Heparin-associated thrombocytopenia and thrombosis (HATT) is an unusual but serious complication of heparin therapy. Twenty-five patients (13 men and 12 women) had thrombocytopenia and arterial or venous thrombosis 1 to 10 days (mean, 6.3 days) after the start of heparin administration. The vessels in the affected extremity had been entered for catheterization, arteriography, or passage of a balloon counterpulsation device in 19 of the 25 patients. In vitro platelet aggregation with heparin was seen in all patients. Additional studies were performed to see whether other lots or sources of heparin also produced in vitro aggregation. Four separate lots of beef lung heparin, commercial heparin from porcine intestinal mucosa, and two types of low molecular weight heparin were all highly stimulatory in this system. However, Org 10172, a heparinoid, did not induce aggregation in any of 13 patient plasmas tested. Inhibition of platelet aggregation by aspirin was also examined. Aspirin abolished in vitro aggregation in 9 of 16 cases and decreased the degree of aggregation from 85% to 55% (p = 0.02) in the remaining seven cases. We conclude that in patients with HATT platelet aggregation is equally induced by beef lung, porcine intestinal, and some forms of low molecular weight heparin. Org 10172 does not stimulate platelet aggregation in plasma from these patients in vitro. Finally, there may be a role for aspirin in treating patients with HATT.

摘要

肝素相关性血小板减少症和血栓形成(HATT)是肝素治疗中一种不常见但严重的并发症。
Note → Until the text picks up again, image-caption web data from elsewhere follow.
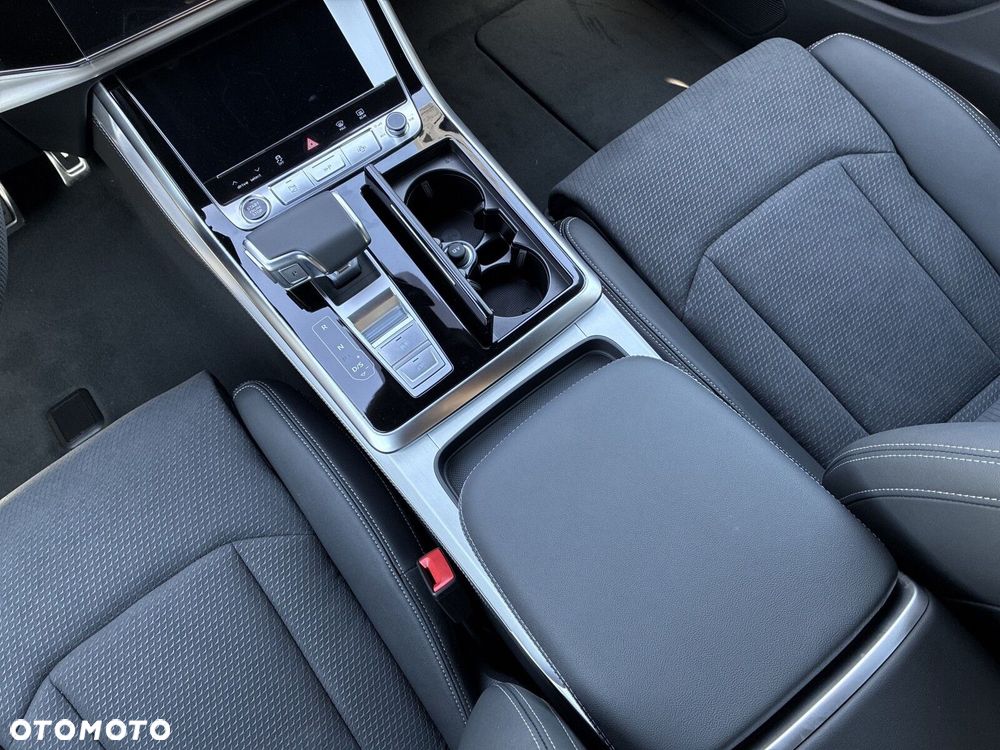 Audi Q8 - 15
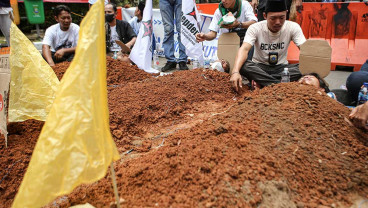 Aksi Kubur Diri Warnai Unjuk Rasa di Tangerang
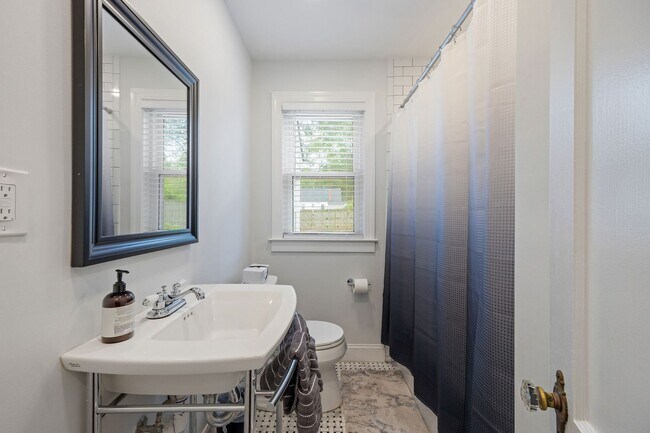 Building Photo - Beautiful 4 Bedroom Home off Of Cutshaw Ave! ***Available Early August 2026***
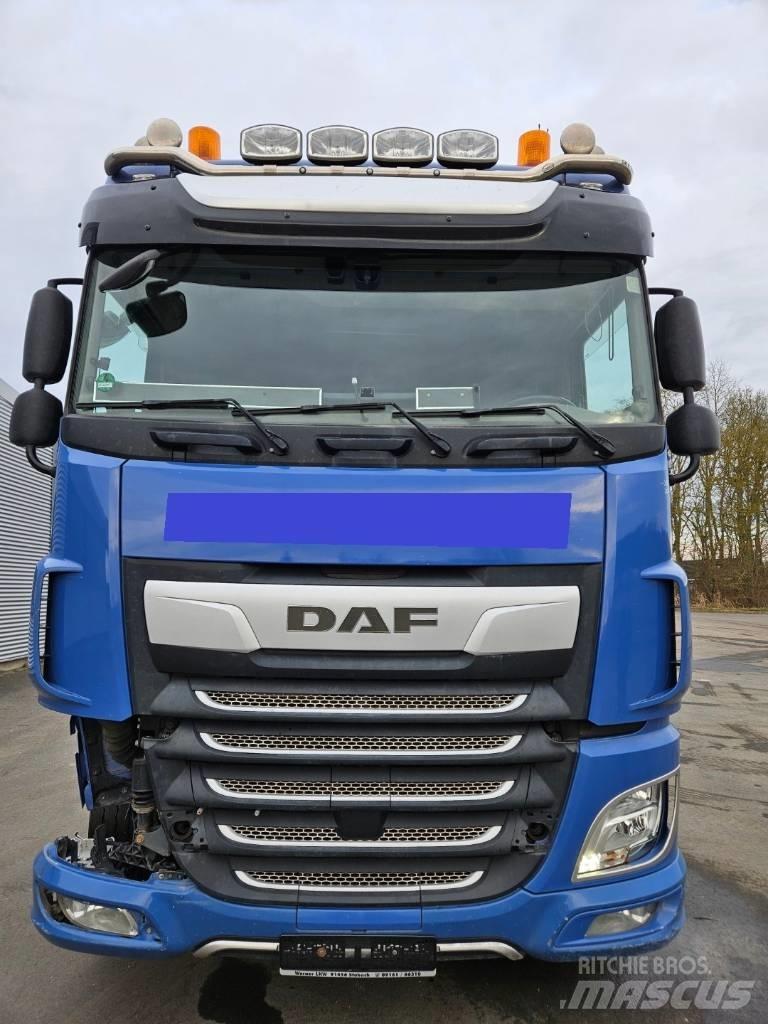 DAF XF 530 Unfall Tahače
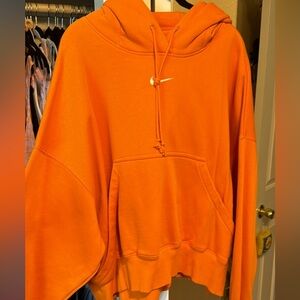 Nike Oversized Cropped Hoodie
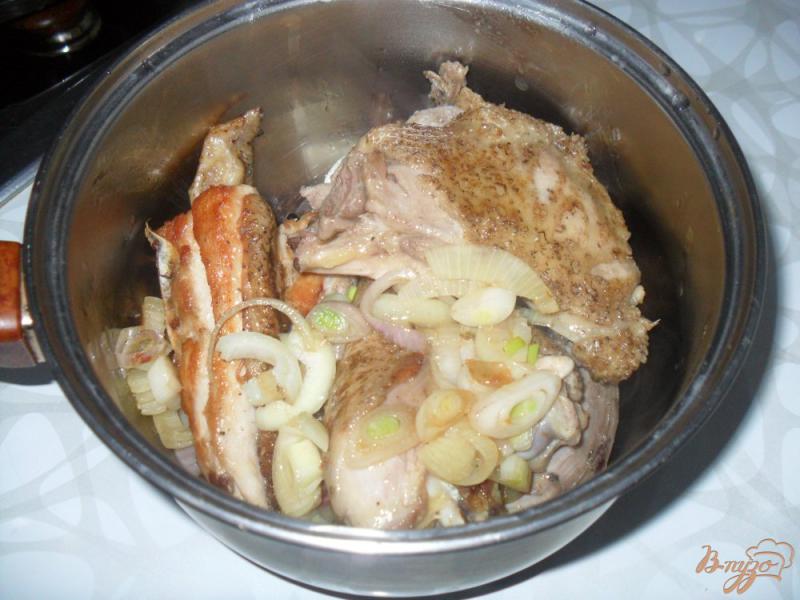 Фото приготовление рецепта: Курица тушенная шаг №3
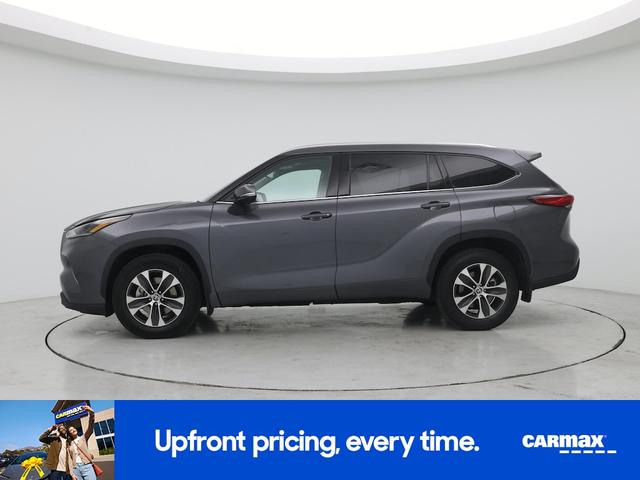 Photo of 2021 Gray Toyota Highlander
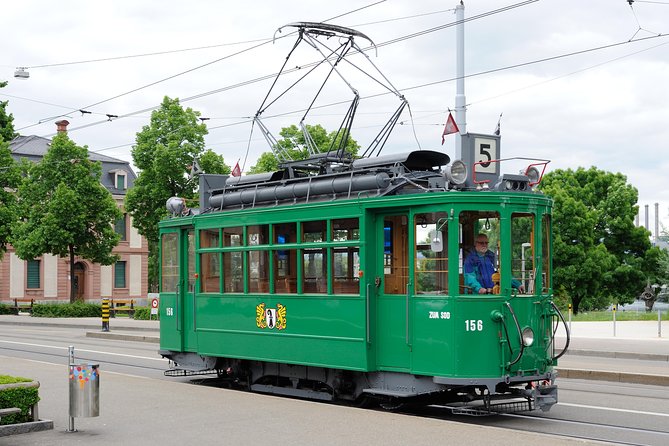 Tour on the vintage tram - What the Sunday route shows you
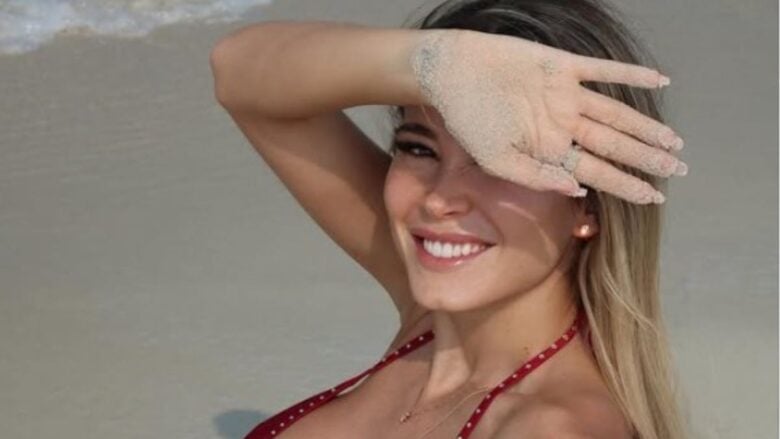 Diletta Leotta incanta tutti: al mare in bikini con il pancino in bella vista!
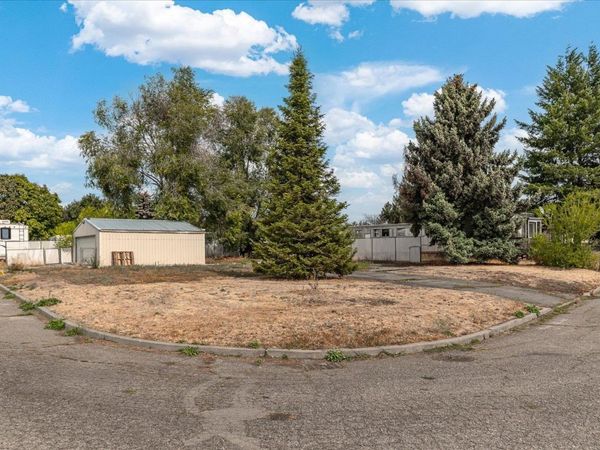 18305 E Liberty Ave, Spokane Valley, WA 99216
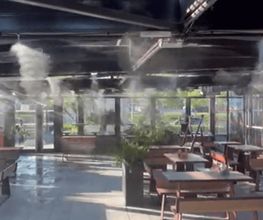 Terrasse avec brumisateurs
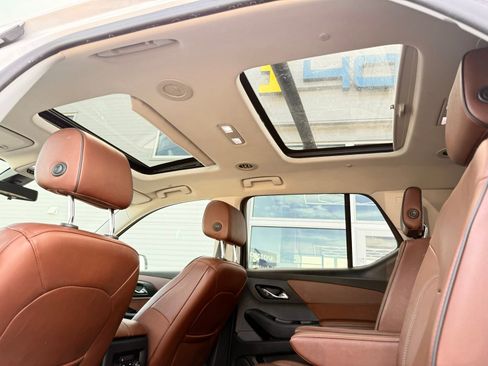 Used 2018 Chevrolet Traverse High Country AWD/4WD image 21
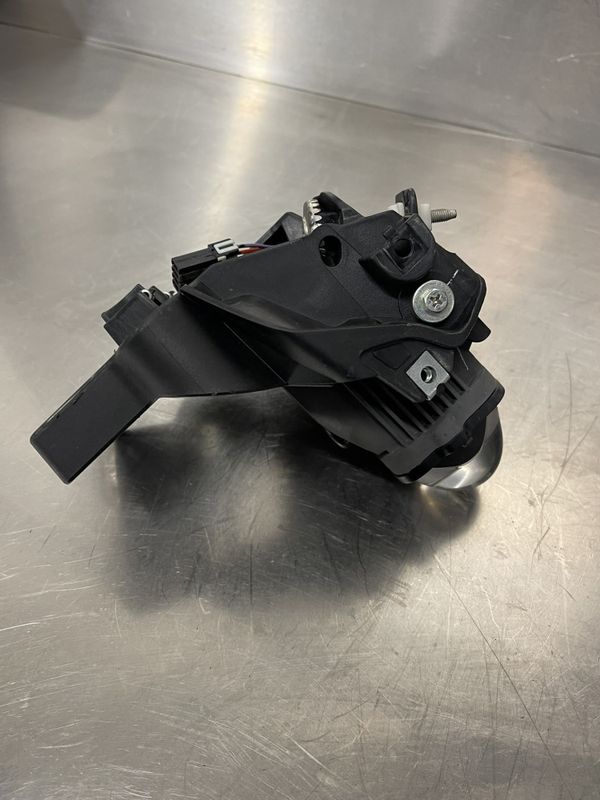 Yamaha MT125 2020-2025 Frontlykt 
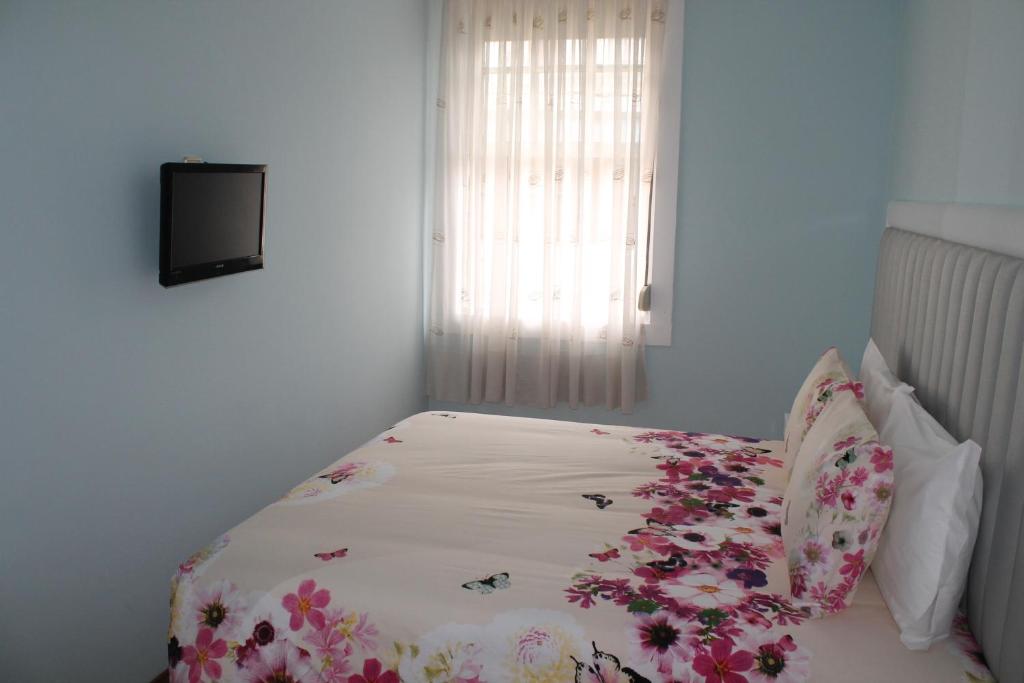 Двухместный (Двухместный номер с 1 кроватью или 2 отдельными кроватями, общая ванная комната) гостевого дома Grande Oceano Guest House, Порту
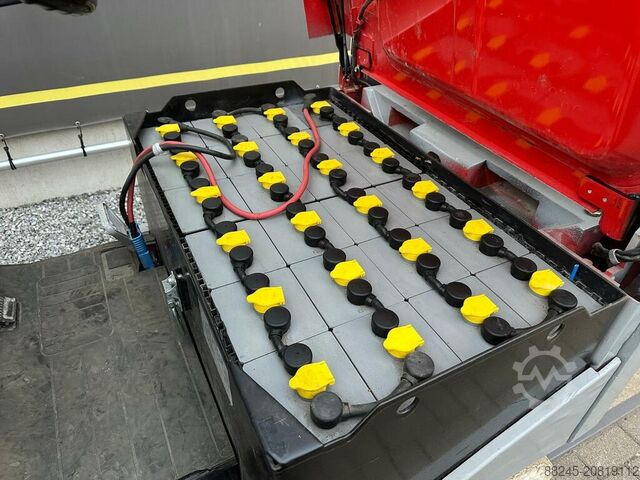 Elektrischer Triplex-Gabelstapler Nissan VS-22604 NISSAN 3f430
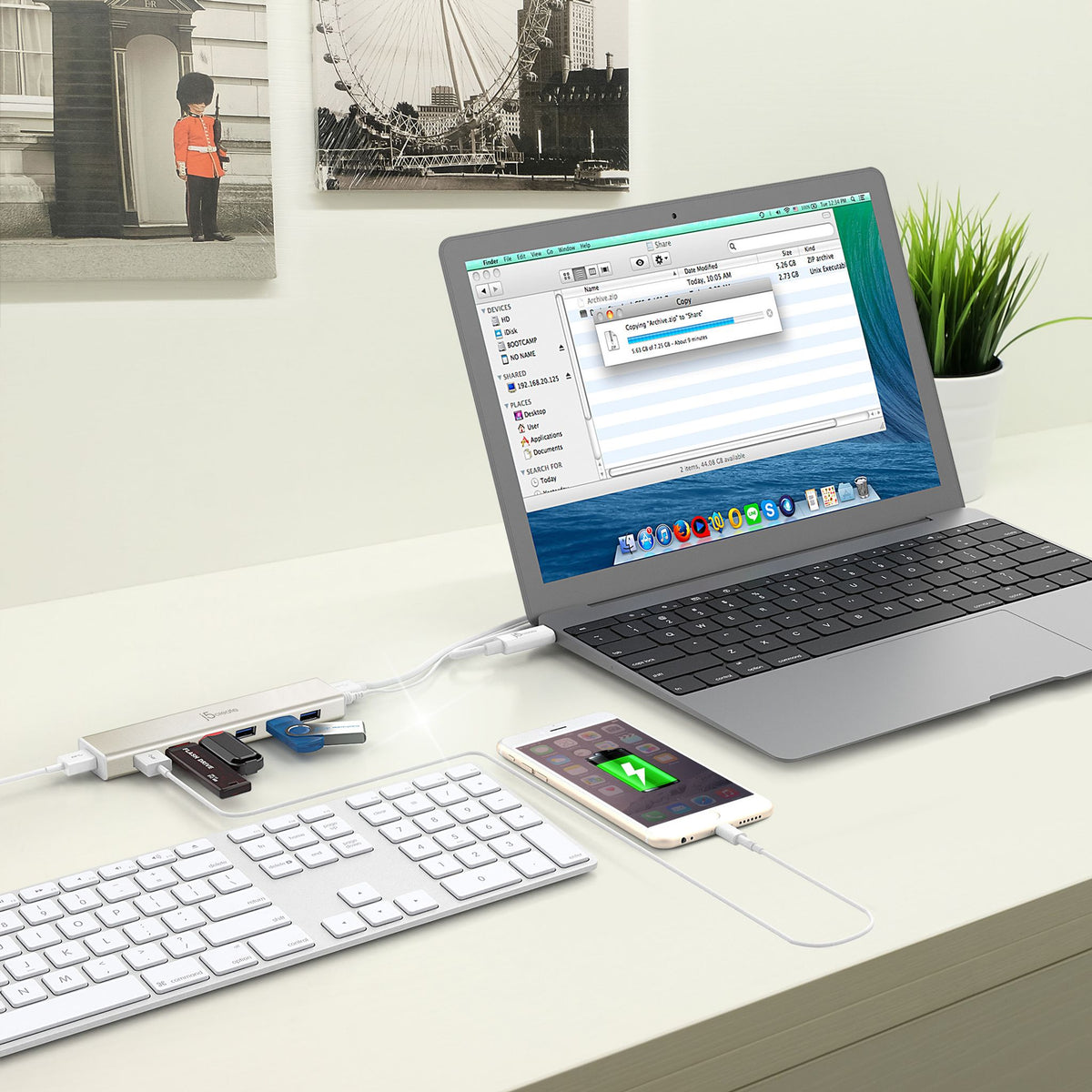 j5create JCH377 USB Hub - USB Type C - 640 MB/s - Notebook Mouse Keyboard Flash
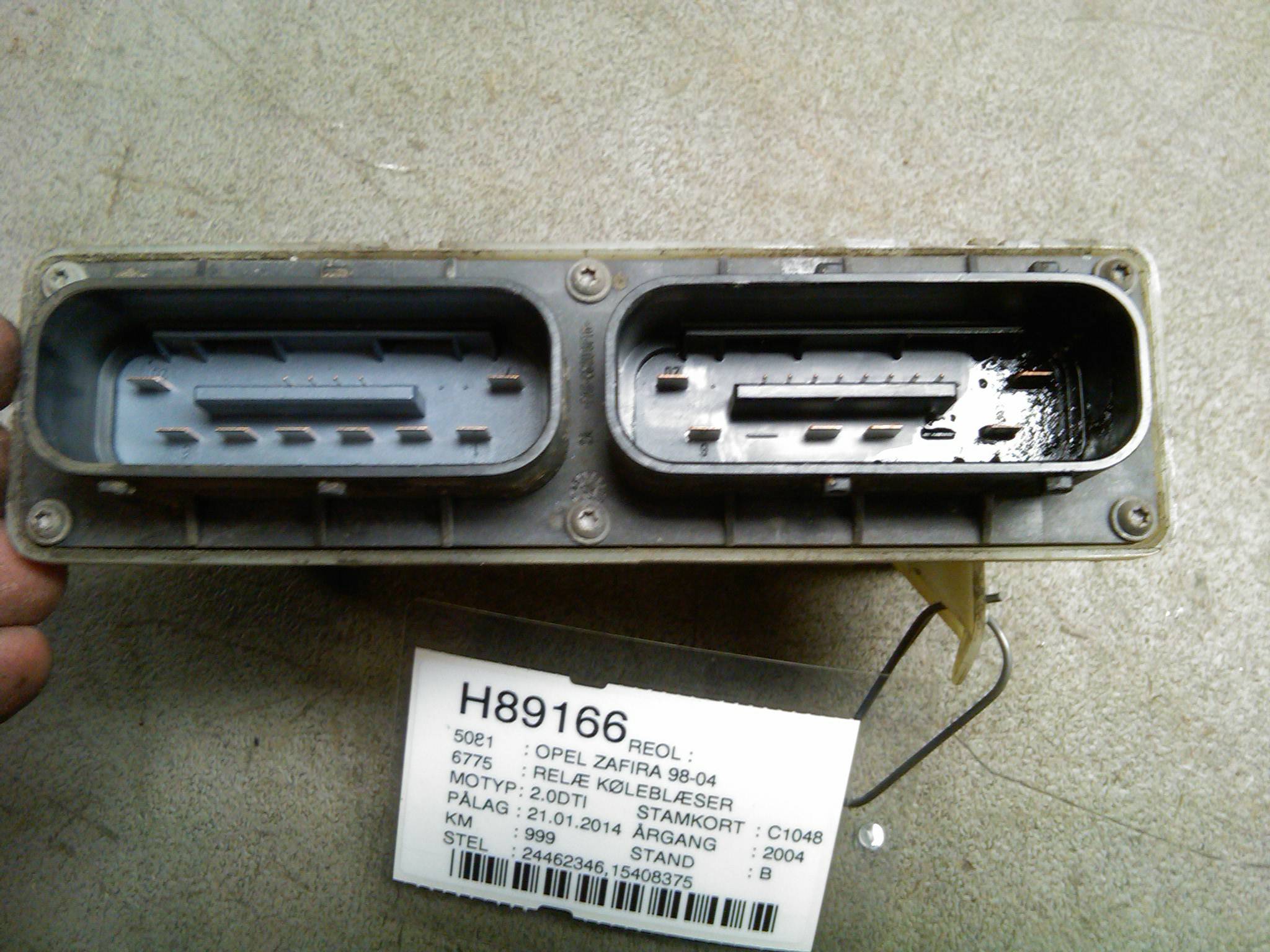 https://www.accessoiresautofr.com/wp-content/uploads/A0001/auto-6/autoparts24/PAUA0031H89166.jpg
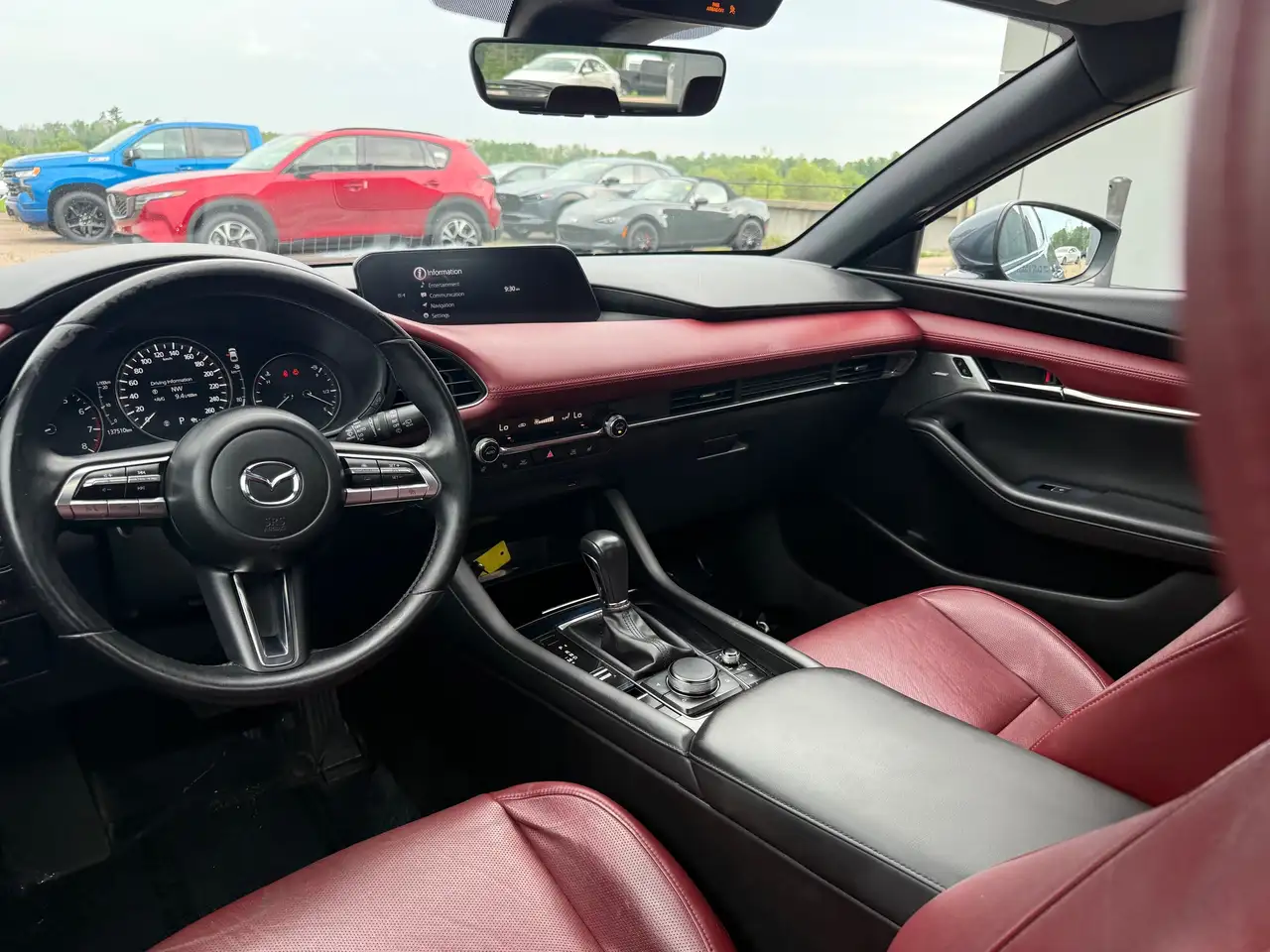 Mazda 3 снимка Mazda 3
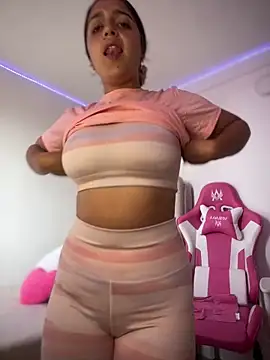 Alicia Ruiz online show from March 2026 06:14:02 PM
25例患者(13例男性和12例女性)在开始使用肝素后1至10天(平均6.3天)出现血小板减少症以及动脉或静脉血栓形成。25例患者中有19例在受累肢体的血管进行过导管插入术、动脉造影或使用过球囊反搏装置。所有患者均出现肝素诱导的体外血小板聚集。进行了额外的研究以观察其他批次或来源的肝素是否也能产生体外聚集。四批不同的牛肺肝素、猪肠黏膜商业肝素以及两种低分子肝素在该系统中均具有高度刺激性。然而,类肝素Org 10172在测试的13例患者血浆中均未诱导聚集。还研究了阿司匹林对血小板聚集的抑制作用。阿司匹林使16例中的9例体外聚集消失,并使其余7例的聚集程度从85%降至55%(p = 0.02)。我们得出结论,在HATT患者中,牛肺肝素、猪肠肝素和某些形式的低分子肝素均可同等程度地诱导血小板聚集。Org 10172在体外不会刺激这些患者血浆中的血小板聚集。最后,阿司匹林在治疗HATT患者中可能有一定作用。